# A finite extension is simple iff the purely inseparable closure is simple?

Question. Is it true that a finite extension $$K:F$$ is simple iff the purely inseparable closure is simple over $$F$$?

I think have an argument to support the above.

First we show the following:

Lemma. Let $$K:F$$ be a finite extension and $$S$$ and $$I$$ be the separable and purely inseparable closures. Then $$K=SI$$.

Proof. We note that $$K$$ is separable over $$I$$. This is because if $$K$$ is not separable over $$I$$, then the purely inseparable degree of $$K$$ over $$I$$ is greater than $$1$$. So there would exist an element $$\alpha\in K\setminus I$$ which is purely inseparable over $$I$$. But then $$I(\alpha)$$ would be purely inseparable over $$F$$, giving $$I(\alpha)=I$$, that is $$\alpha\in I$$, a contradiction.
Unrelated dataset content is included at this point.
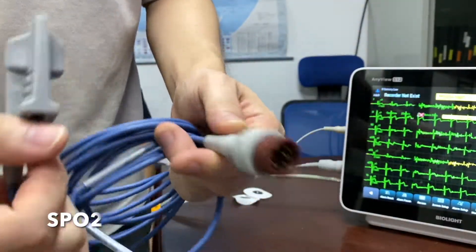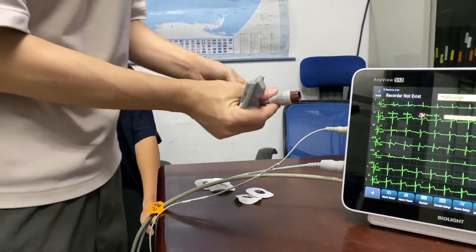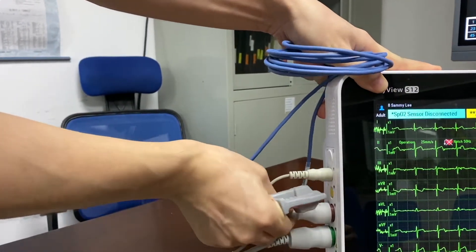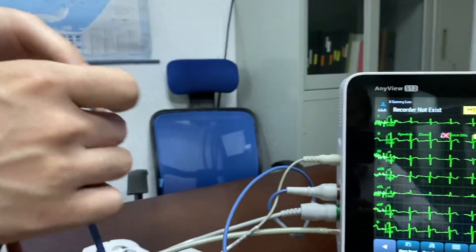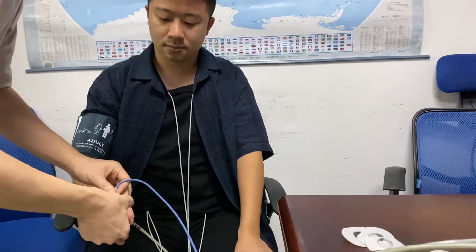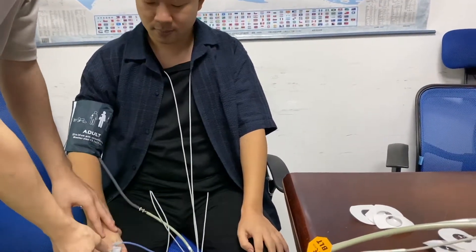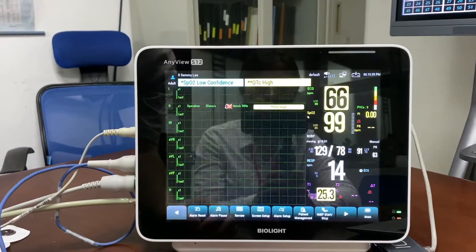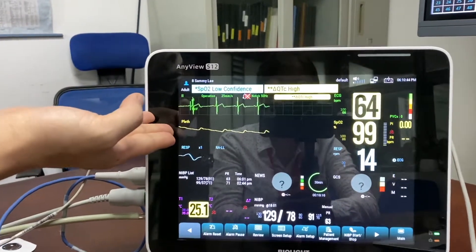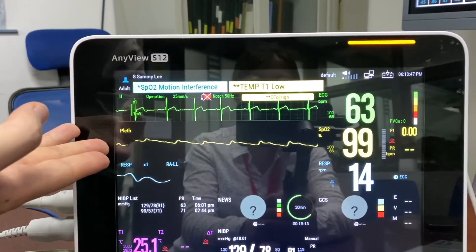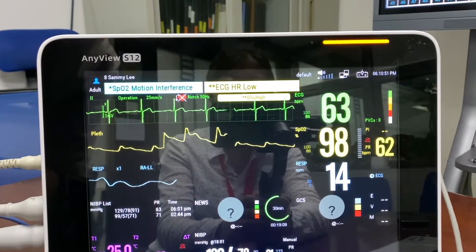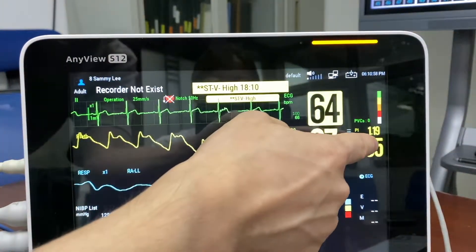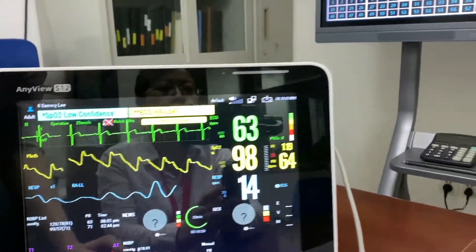This is the SPO2 probe, which is 9-pin, and I'll be connecting it to the S12. Once plugged in, I can put it onto the patient's hand. Once on the patient's hand, I'm able to see the SPO2 readings on the screen. The saturation is 97% right now and I can see the perfusion index as well. On the CMS I'm also able to see the waveforms.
Similarly we have $$K$$ purely inseparable over $$S$$. Therefore $$K$$ is both separable and purely inseparable over $$SI$$, meaning $$K=SI$$.

The following is a well known theorem:

A finite extension is simple iff there are only finitely many intermediate fields.

Now we show that if $$K:F$$ is a finite simple extension, then so is $$I:F$$, where $$I$$ is the purely inseparable closure. Since there are only finitely many intermediate fields between $$K$$ and $$F$$, therefore there are only many intermediate fields between $$I$$ and $$F$$. Therefore $$I:F$$ is simple.

Conversely, assume that $$I:F$$ is simple. We show that there are only finitely many intermediate fields between $$K$$ and $$F$$. Let $$M$$ be an intermediate field between $$K$$ and $$F$$. Let $$M_I$$ be the purely inseparable closure of $$M$$ over $$F$$ and $$M_S$$ be the separable closure of $$M$$ over $$F$$. Then by the lemma above we have $$M=M_IM_S$$. Also, $$M_I=M\cap I$$ and $$M_S=M\cap S$$ are subfields of $$I$$ and $$S$$ which contain $$F$$, and knowing that $$S:F$$ is simple (since finite separable extensions are simple), there are only finitely many composites $$M_IM_S$$. Therefore there are only finitely many intermediate field between $$K$$ and $$F$$ and thus $$K:F$$ is simple.

EDIT: In the proof of the lemma I write that if the purely inseparable degree of $$K:I$$ is more than $$1$$, there exists $$\alpha\in K$$ which is purely inseparable over $$I$$. I am, on a careful revision, not able to justify this statement.